• **What you will do**
With pictures excluded, retype exactly every line from the one containing "Texpeed gilet de" to the end of the records below.

• **Data shown**
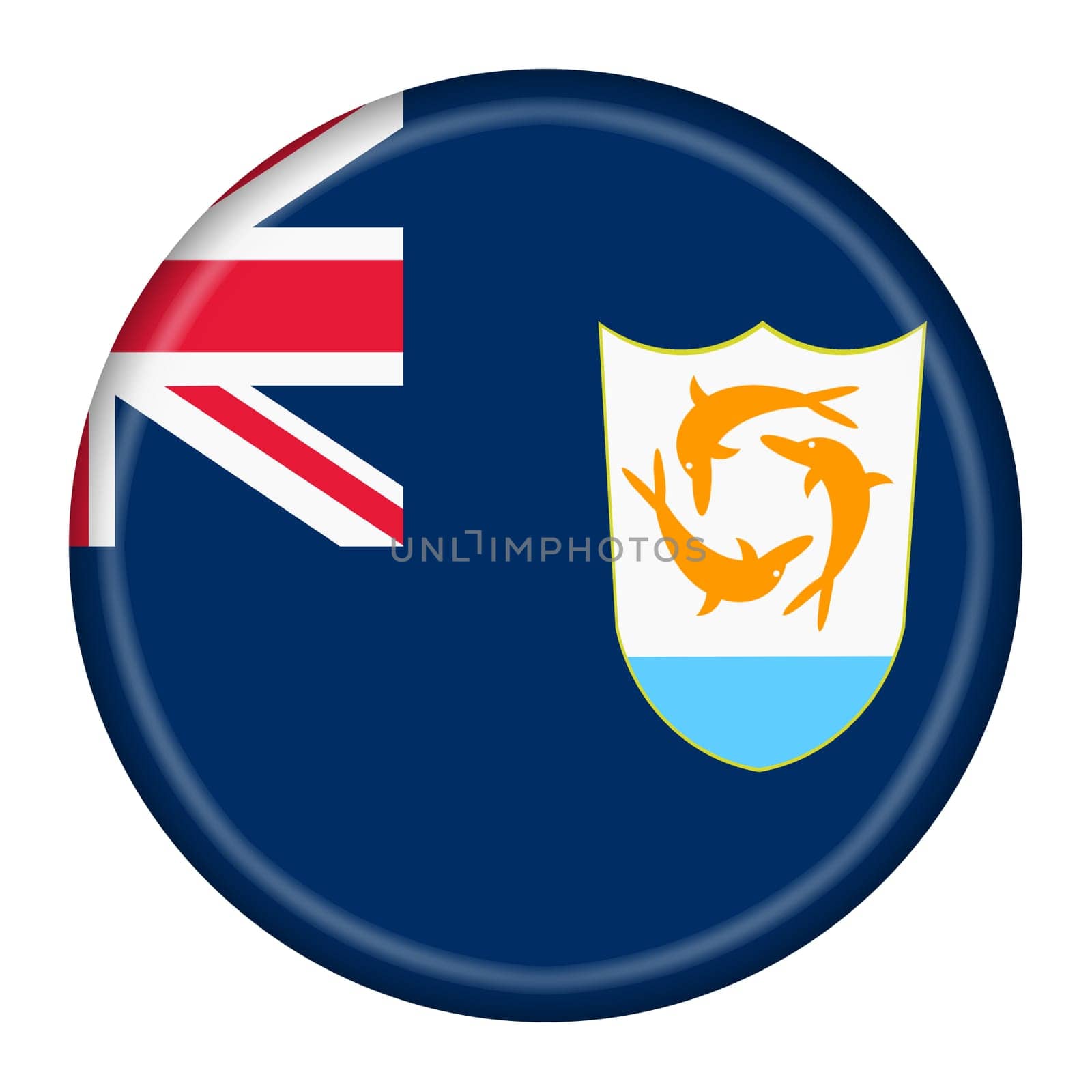 An Anguilla flag button 3d illustration with clipping path
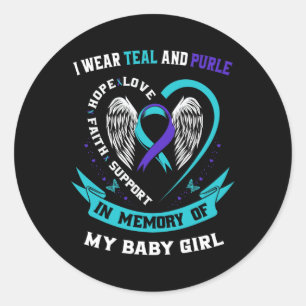 I Wear Teal And Purple Ba Classic Round Sticker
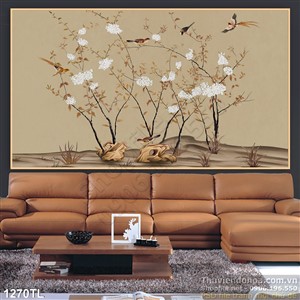 Tranh lụa hoa mùa xuân đẹp trang trí tường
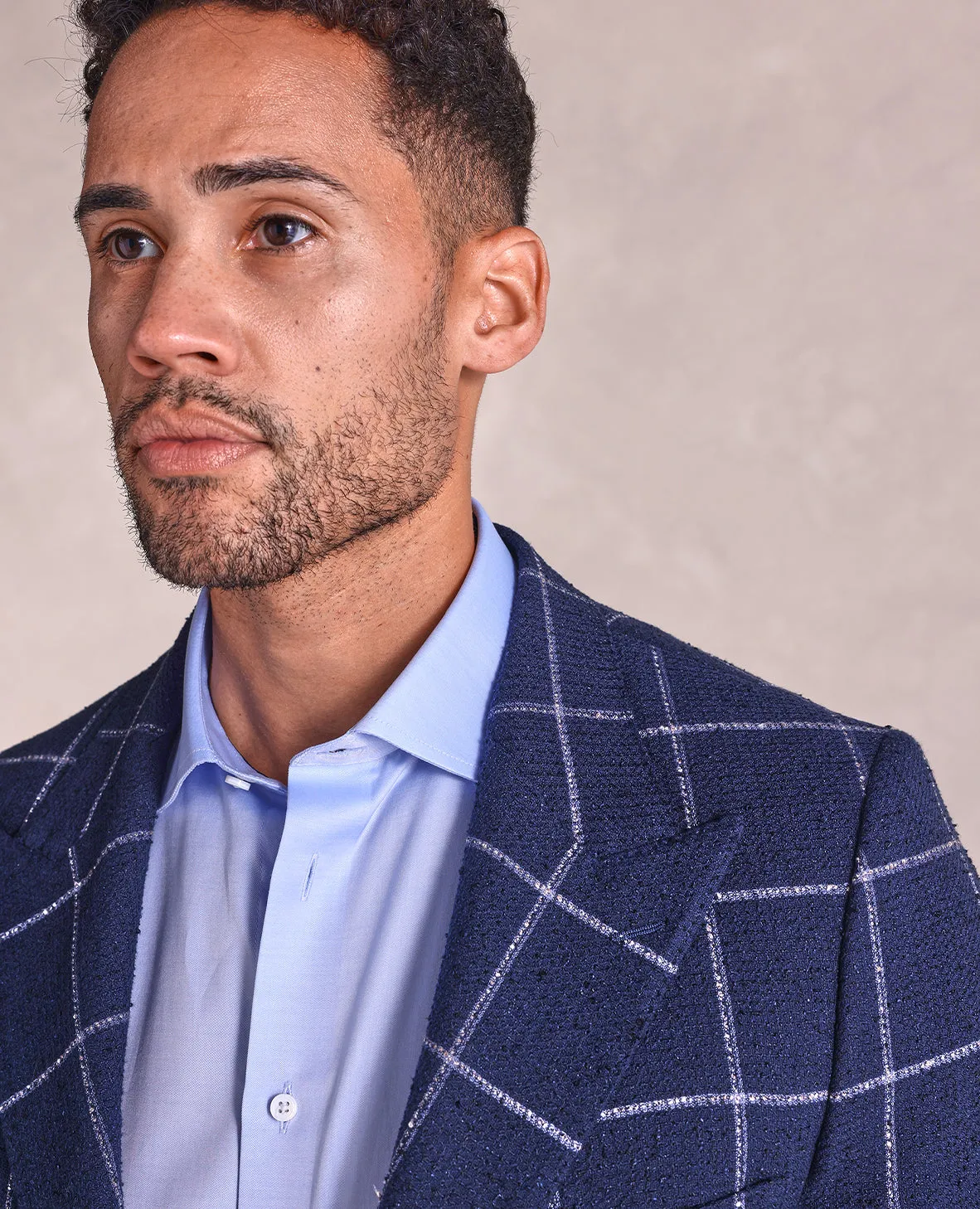 The George - Textured Windowpane Soft Jacket - Navy/Blue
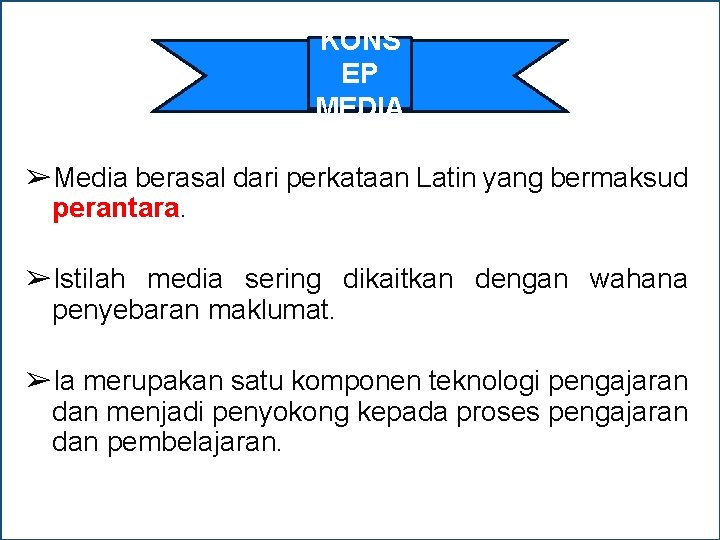 KONS EP MEDIA ➢Media berasal dari perkataan Latin yang bermaksud perantara. ➢Istilah media sering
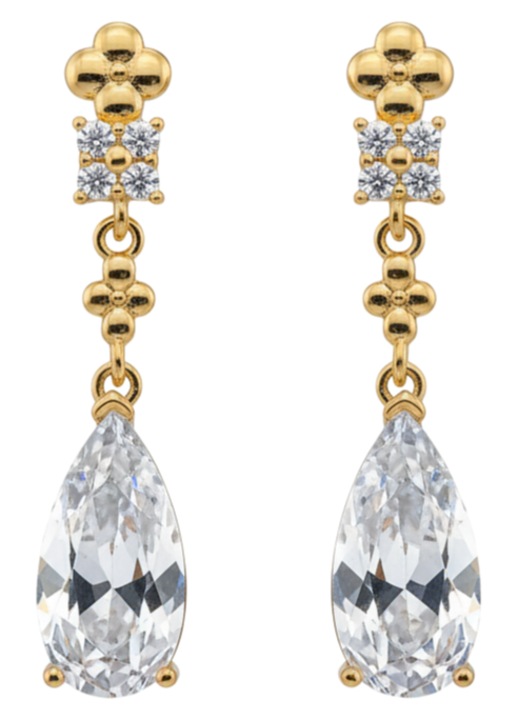 Fülbevaló Drop – 14K Arannyal Bélelt Réz, 3A Zirkónia, Láb Forma, Virágos Felső Rész, Elegáns Design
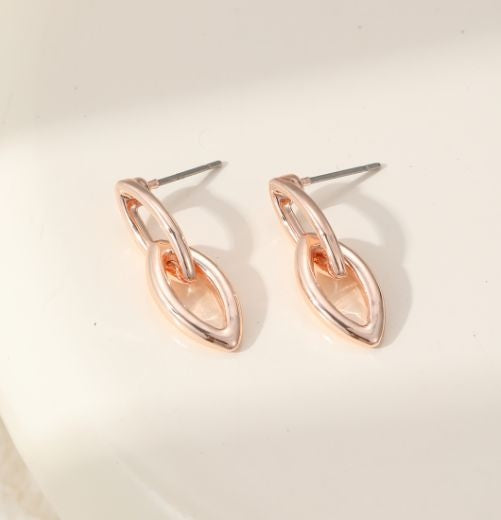Earrings: Drop Stud Linked Tear Drops - Rose Gold  Gracee Jewellery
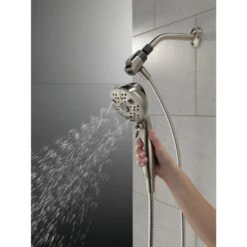 Delta Universal Showering Components Brushed Nickel 6-Spray Handheld Shower 1.75-GPM (6.6-LPM) -Hardware Store 034449864336 12165947 1800x1800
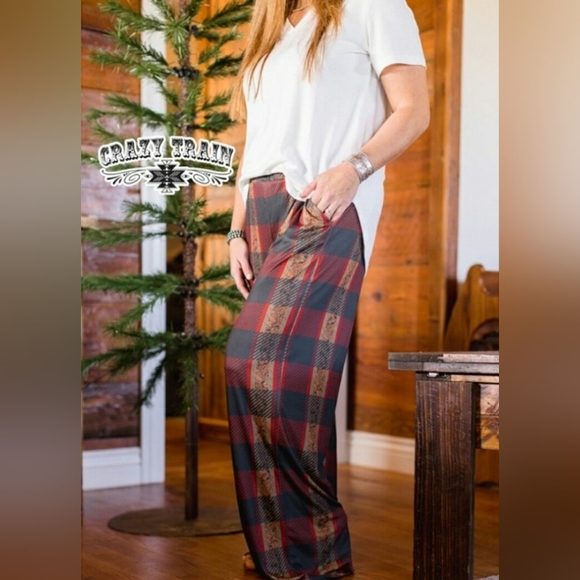 Crazy Train Western Buffalo Plaid W/ Tooled Leather Look Lounge Pants W/ Pockets - Picture 6 of 12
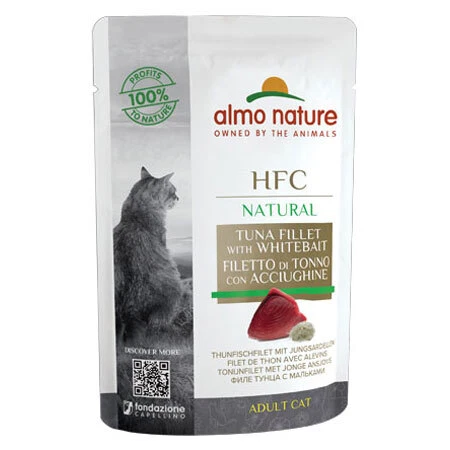 Almo Nature HFC 55 Natural Cibo Umido per Gatti - Tonno con Acciughine - 12x55gr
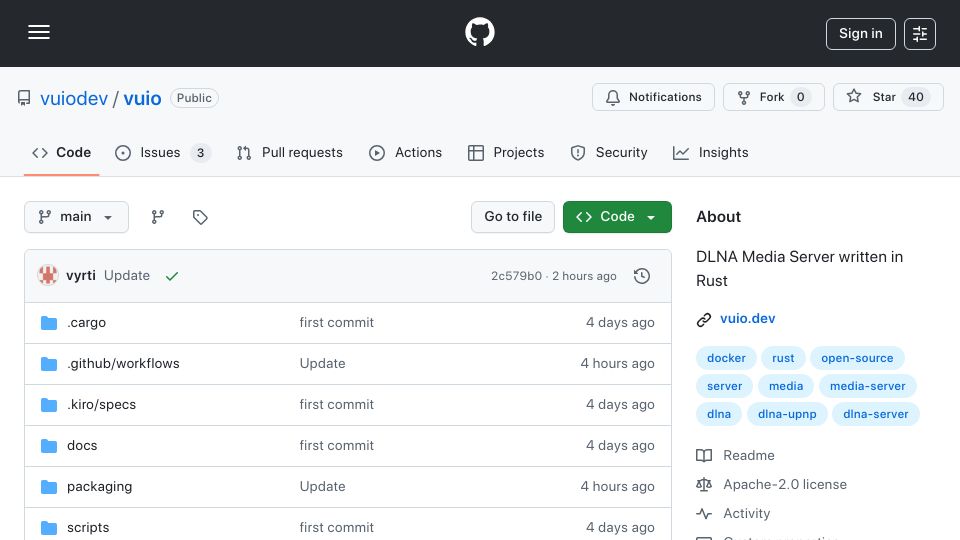 Screenshot of github.com: Introducing: VuIO – open-source UPNP/DLNA server written in Rust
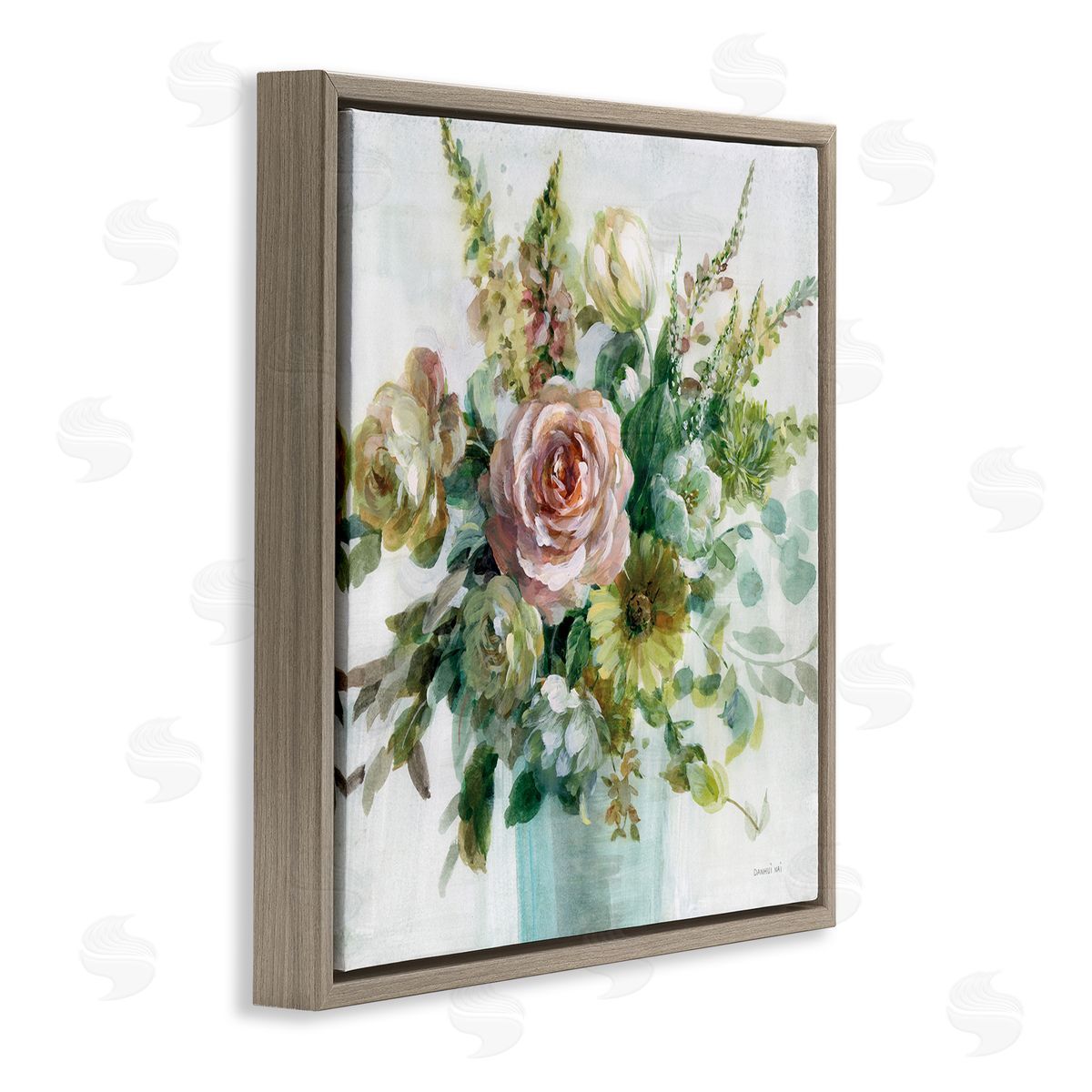 Sage and Peach Flowers Brown Floating Frame Canvas Wall Art, Home Decor by Danhui Nai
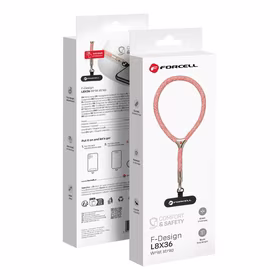 FORCELL F-DESIGN L8X36 rokas telefona siksniņa ar regulējamu garumu (maks. 18cm cilpā) rozā balta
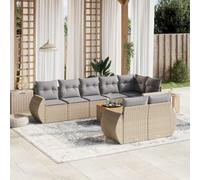 Ensemble de 9 meubles de jardin modulaires en polyrotin beige, table en bois d'acacia, résistant aux UV, ensemble de meubles de patio d'extérieur modulaires avec coussins pour balcon, cour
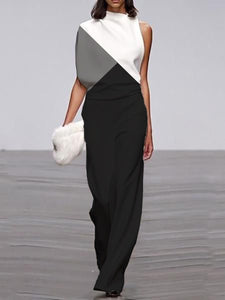 Casual Colorless Sleeveless Loose Jumpsuit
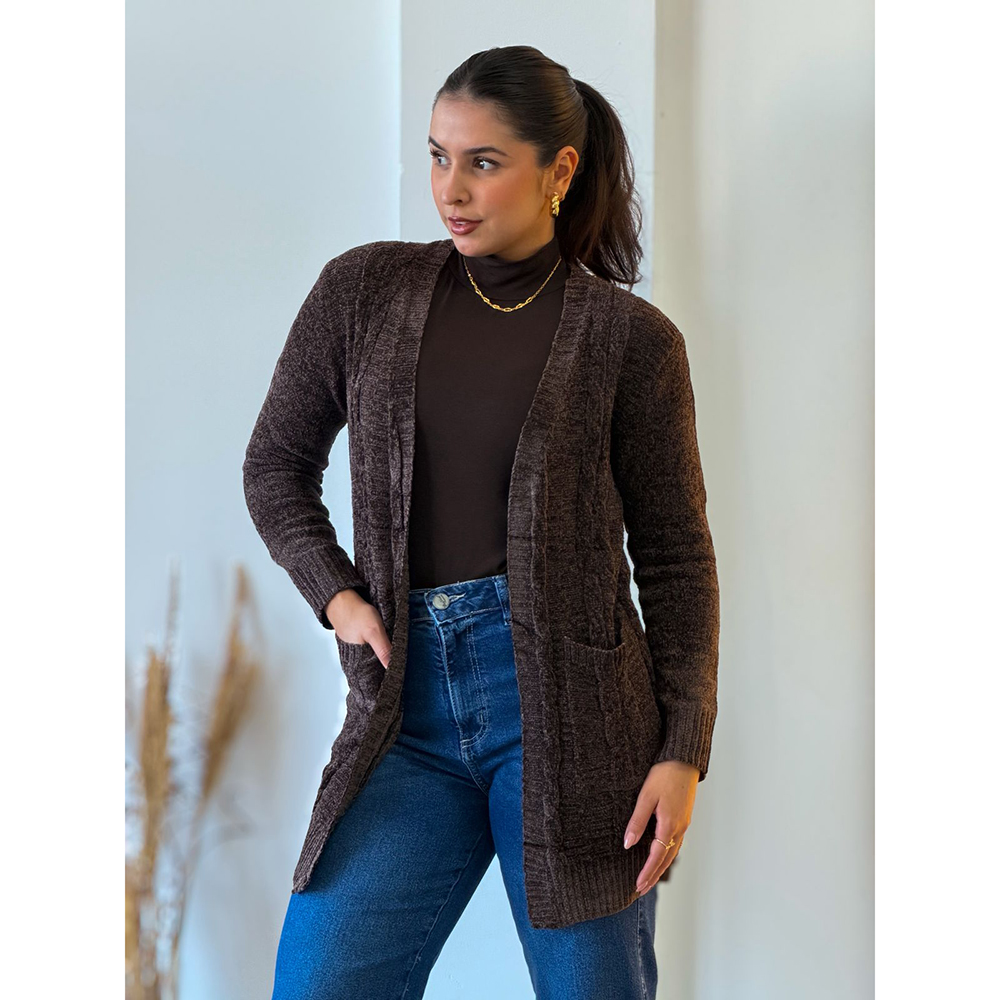 Cardigan Mousse Marrom Escuro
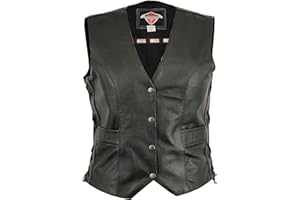 Texpeed gilet de moto en cuir femme - Avec lacets - Noir - 4XL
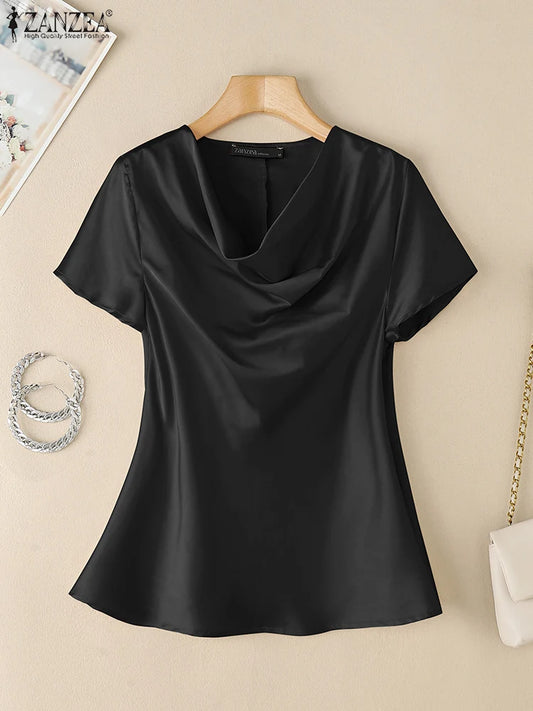 ZANZEA Casual Satin Party Tops Woman Cowl Neck 2025 Fashion Korean Style Blouses Elegant Short Sleeve Solid Color Blusas Mujer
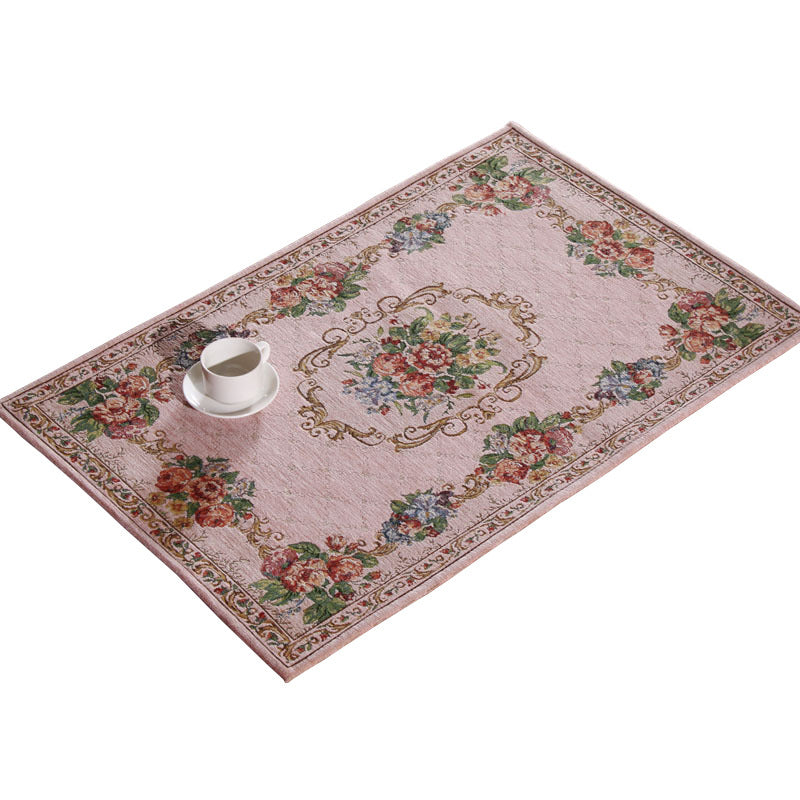 Victorian Flower Framework Rug Multi Color Synthetics Rug Washable Non-Slip Stain Resistant Rug for Bedroom Clearhalo 'Area Rug' 'Rugs' 'Shabby Chic' Rug' 2183981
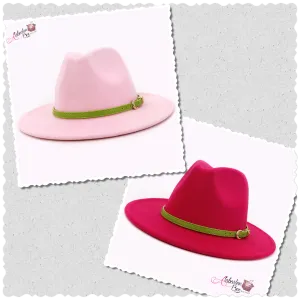 AHEAD Of Them ALL- Pink & Green Hats 💕💚 w/ Green Leather Belt Buckle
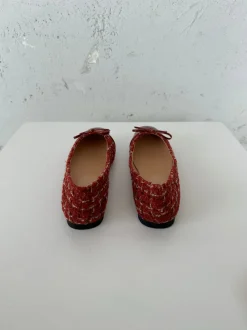 Design By Si Zamora ballerina sko mønster og sløjfe - Rød Sale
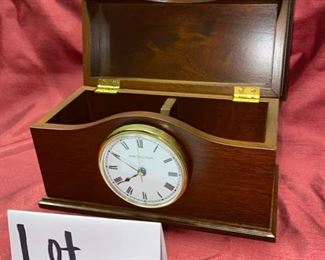 Lot 5065. $48.00 Hamilton Clock in wood box with battery. Flip top for storage. 9"W  x  4.5" D  x 5" H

• **Your solution**
 Texpeed gilet de moto en cuir femme - Avec lacets - Noir - 4XL
 ZANZEA Casual Satin Party Tops Woman Cowl Neck 2025 Fashion Korean Style Blouses Elegant Short Sleeve Solid Color Blusas Mujer
 Victorian Flower Framework Rug Multi Color Synthetics Rug Washable Non-Slip Stain Resistant Rug for Bedroom Clearhalo 'Area Rug' 'Rugs' 'Shabby Chic' Rug' 2183981
 AHEAD Of Them ALL- Pink & Green Hats 💕💚 w/ Green Leather Belt Buckle
 Design By Si Zamora ballerina sko mønster og sløjfe - Rød Sale
 Lot 5065. $48.00 Hamilton Clock in wood box with battery. Flip top for storage. 9"W  x  4.5" D  x 5" H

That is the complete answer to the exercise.